Every line in the records below between the one holding "American breakfast in Faro del Colibri" and the one holding "Image No.2-Maison de", inclusive, is to be set down exactly; all other lines are to be left out.

- **Exercise inputs**:
□ □ □ □ □

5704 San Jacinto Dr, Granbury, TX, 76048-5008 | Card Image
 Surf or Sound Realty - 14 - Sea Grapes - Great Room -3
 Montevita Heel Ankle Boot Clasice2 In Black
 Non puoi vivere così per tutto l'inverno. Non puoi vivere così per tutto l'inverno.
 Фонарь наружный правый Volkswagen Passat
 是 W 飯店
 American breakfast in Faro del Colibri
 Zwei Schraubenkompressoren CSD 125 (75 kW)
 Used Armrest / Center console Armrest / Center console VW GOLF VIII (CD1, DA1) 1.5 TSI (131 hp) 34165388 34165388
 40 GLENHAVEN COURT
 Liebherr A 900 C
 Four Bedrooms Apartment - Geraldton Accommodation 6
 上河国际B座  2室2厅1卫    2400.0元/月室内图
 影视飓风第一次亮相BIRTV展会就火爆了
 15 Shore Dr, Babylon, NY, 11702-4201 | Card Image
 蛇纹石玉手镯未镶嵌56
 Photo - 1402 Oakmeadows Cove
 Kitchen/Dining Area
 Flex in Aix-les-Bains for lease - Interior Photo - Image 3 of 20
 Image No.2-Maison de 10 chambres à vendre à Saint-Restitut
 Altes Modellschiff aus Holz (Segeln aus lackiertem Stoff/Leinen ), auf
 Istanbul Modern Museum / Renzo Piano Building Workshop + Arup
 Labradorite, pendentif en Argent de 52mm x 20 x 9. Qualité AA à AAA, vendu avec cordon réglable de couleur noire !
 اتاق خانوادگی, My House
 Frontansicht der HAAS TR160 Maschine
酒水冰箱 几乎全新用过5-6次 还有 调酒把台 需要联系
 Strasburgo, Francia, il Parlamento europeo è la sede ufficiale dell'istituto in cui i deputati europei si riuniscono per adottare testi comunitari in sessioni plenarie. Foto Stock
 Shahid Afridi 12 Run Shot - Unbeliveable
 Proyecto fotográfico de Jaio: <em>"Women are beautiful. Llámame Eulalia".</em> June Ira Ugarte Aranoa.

□ □ □ □ □

- **Worked solution**:
 American breakfast in Faro del Colibri
 Zwei Schraubenkompressoren CSD 125 (75 kW)
 Used Armrest / Center console Armrest / Center console VW GOLF VIII (CD1, DA1) 1.5 TSI (131 hp) 34165388 34165388
 40 GLENHAVEN COURT
 Liebherr A 900 C
 Four Bedrooms Apartment - Geraldton Accommodation 6
 上河国际B座  2室2厅1卫    2400.0元/月室内图
 影视飓风第一次亮相BIRTV展会就火爆了
 15 Shore Dr, Babylon, NY, 11702-4201 | Card Image
 蛇纹石玉手镯未镶嵌56
 Photo - 1402 Oakmeadows Cove
 Kitchen/Dining Area
 Flex in Aix-les-Bains for lease - Interior Photo - Image 3 of 20
 Image No.2-Maison de 10 chambres à vendre à Saint-Restitut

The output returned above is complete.